Postojna – The experiences of individual armies in helping to fight the Covid-19 epidemic and the strengthening of cooperation with countries in the Western Balkans were in the focus of a two-day meeting of the Central European Defence Cooperation (CEDC), an initiative chaired this year by Slovenia, that ended in Postojna on Wednesday.
Slovenian Defence Minister Matej Tonin and his Hungarian counterpart Tibor Benko expressed support for the long-term stability of the Western Balkans as they addressed the press after the meeting.
Tonin said this could be achieved with EU and NATO membership of countries in the region, while Benko said a coordinated approach to peace and stability in Western Balkans was needed.
Benko noted that NATO faced threats from the east and south, adding that all problems could be resolved in negotiations.
According to Tonin, there is support in the CEDC for concerted action by Central European countries in the EU and the common European security policy.

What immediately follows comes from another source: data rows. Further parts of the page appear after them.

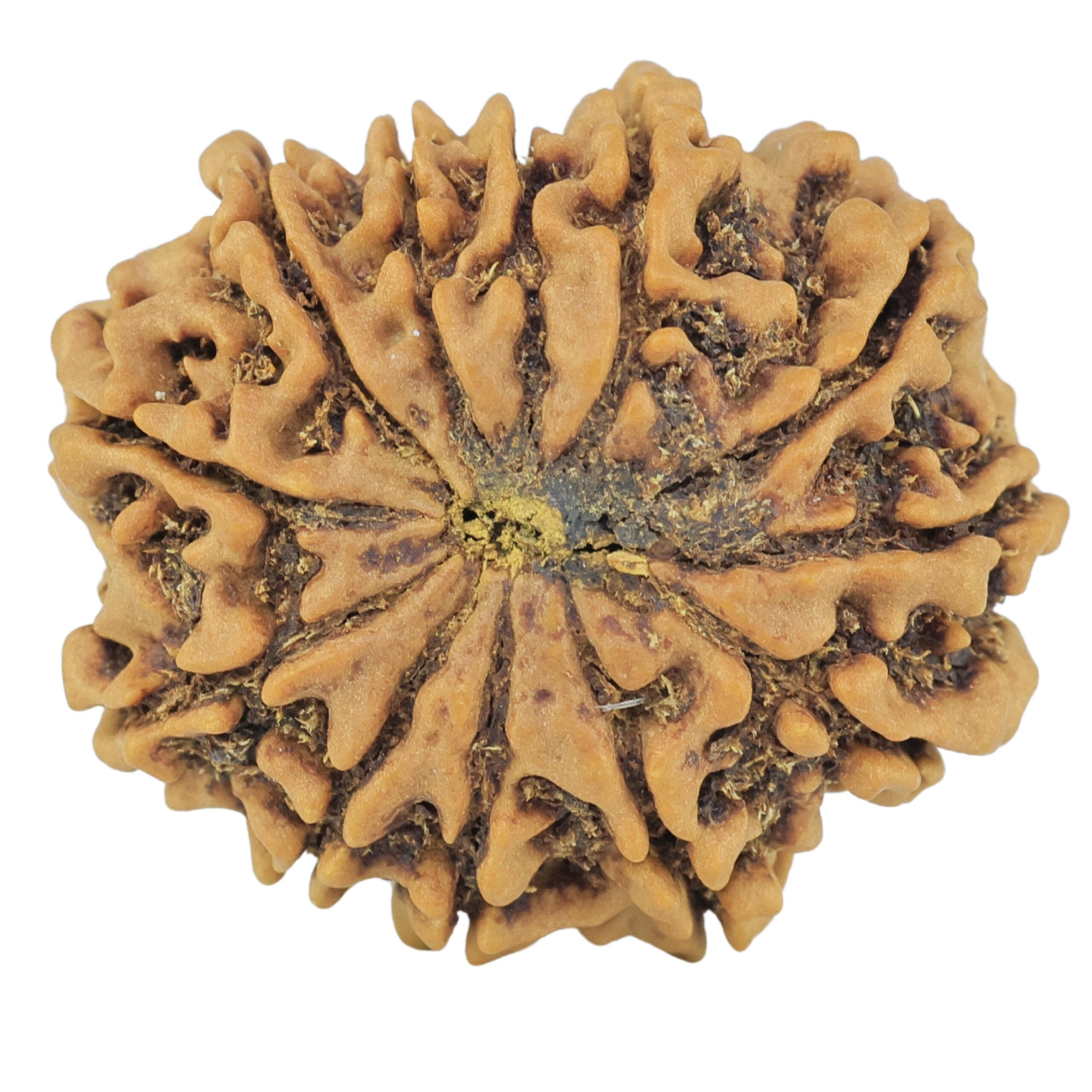 12 Mukhi Rudraksha 24.2mm 3.61gm - Rudraksha back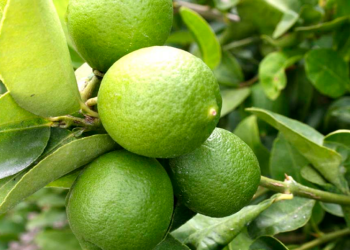 ¿Hay algún impacto en el precio del limón por las extorsiones a productores? Esto dijo el Grupo Consultor de Mercados Agrícolas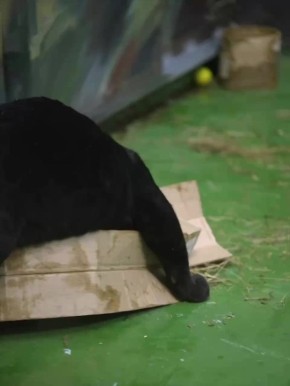 Опасного хищника показали в новосибирском зоопарке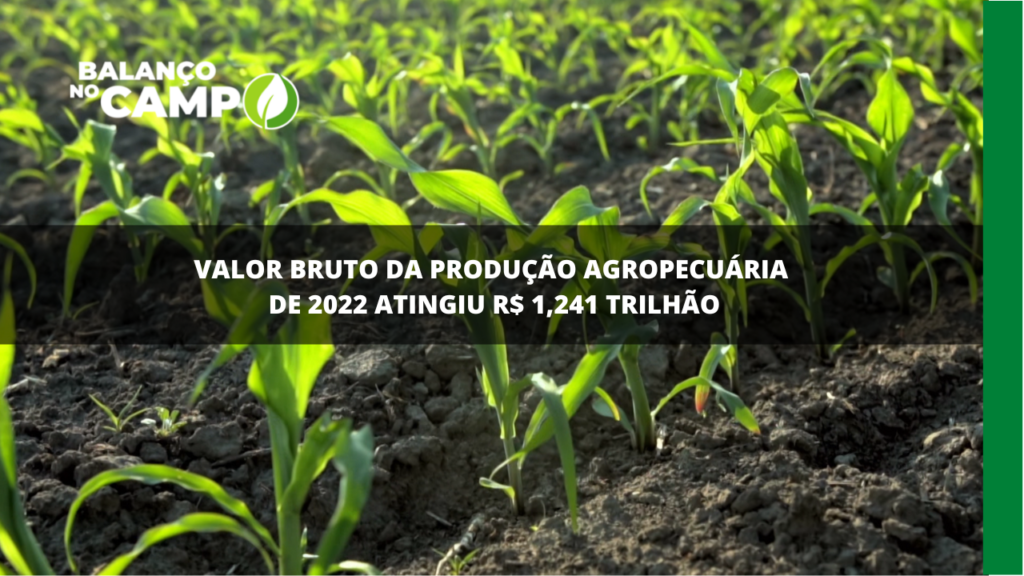 Valor bruto da produção agropecuária bate recorde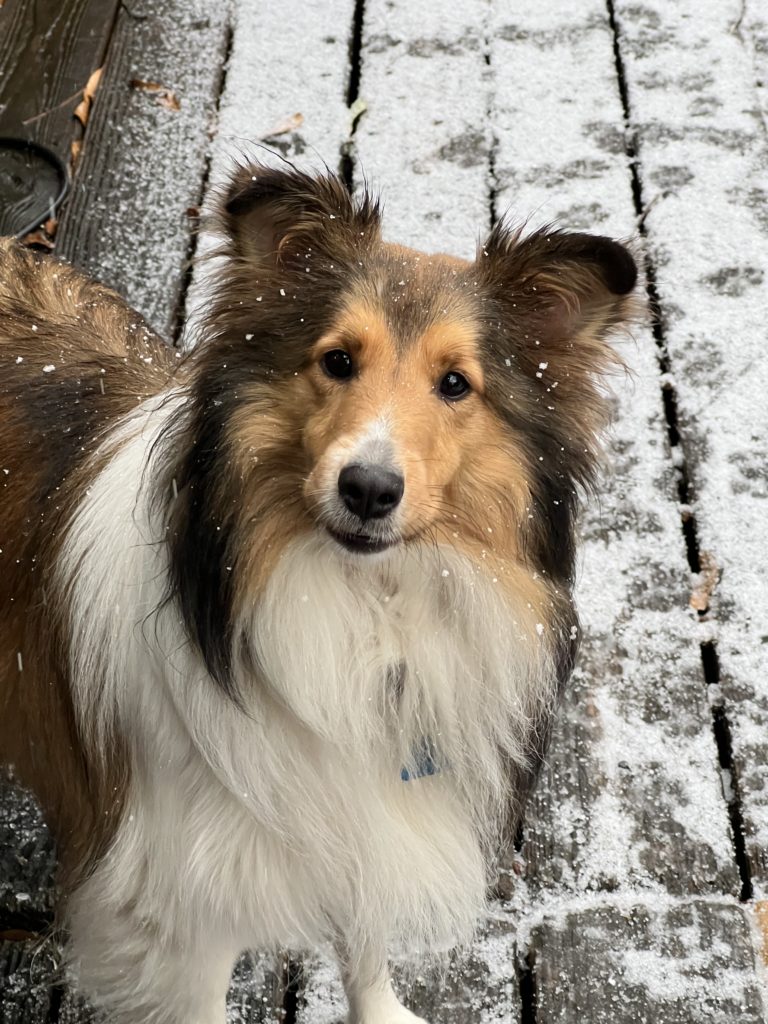 Our shelties' first snow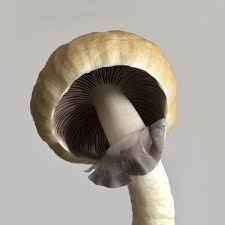 difees tipos de cogumelos mágicos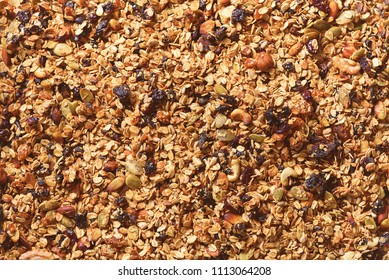 Organic homemade roasted granola with nuts and raisins on baking sheet. Food for breakfast. Meal background, granola texture. - Powered by Shutterstock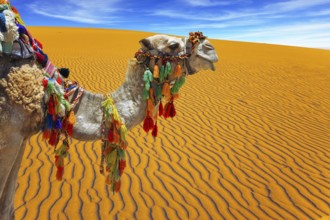 Well-groomed, sleek camel, decorated with colorful garlands and tassels, stands atop the sand dunes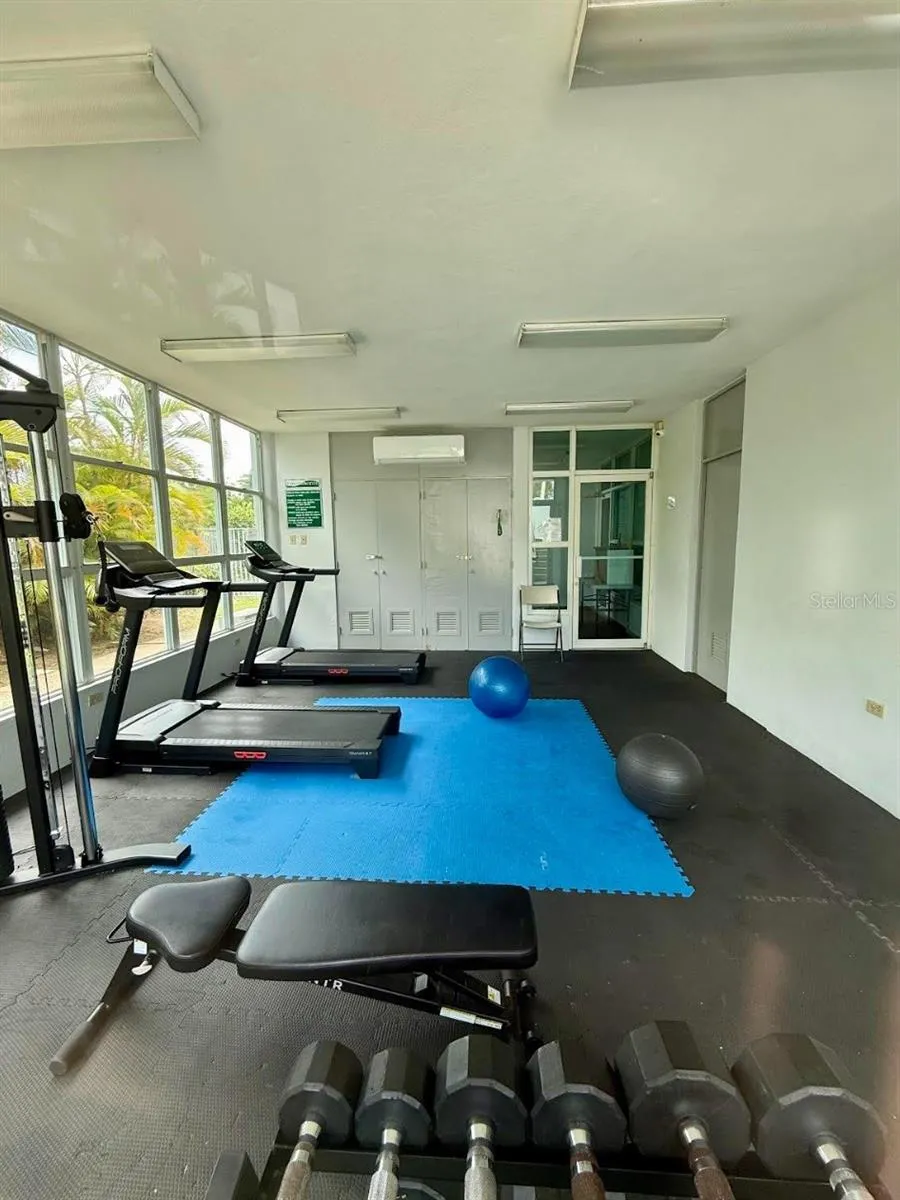 GYM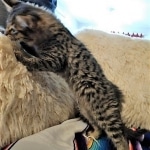 Savannah, F-2B, Female BST DOB 11-14-18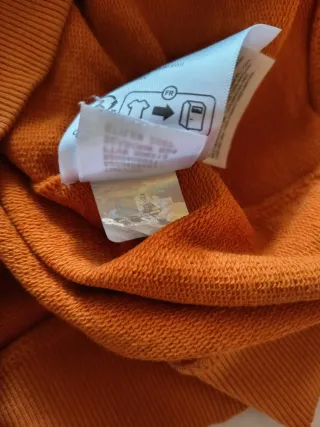 Felpa The North Face arancione con cappuccio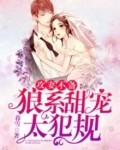 总裁甜妻大结局介绍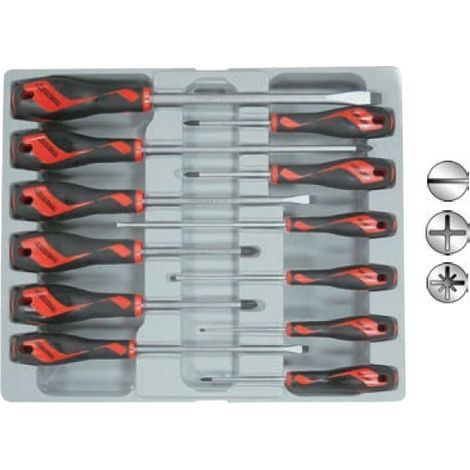 Juego de 12 destornilladores MD912N TENGTOOLS (1/2)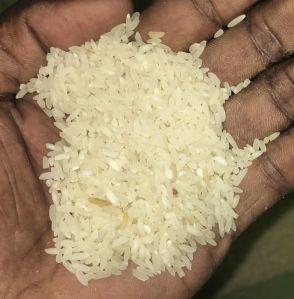 white rice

He said Slovenia’s priorities included civilian-military cooperation, women, peace and security, and the strengthening of regional cooperation with the Western Balkans.
Representatives of Western Balkan countries also took part in the first part of the meeting, with talks focusing in potential cooperation, the Ministry of Defence said in a press release after the event.
Tonin moreover proposed that countries jointly evaluate possible improvements in medical evacuations from international missions, the press release said, also adding that Slovenia had set up a website for the initiative which would be operated by each presiding country.
The meeting wraps up Slovenia’s chairmanship of the initiative, with Croatia taking over next year.
According to Tonin, Slovenia will pursue similar goals when it takes over the rotating presidency of the EU in the second half of 2021.
The CEDC was created in 2010 as a military collaboration format and features Austria, Croatia, the Czech Republic, Hungary, Slovenia and Slovakia.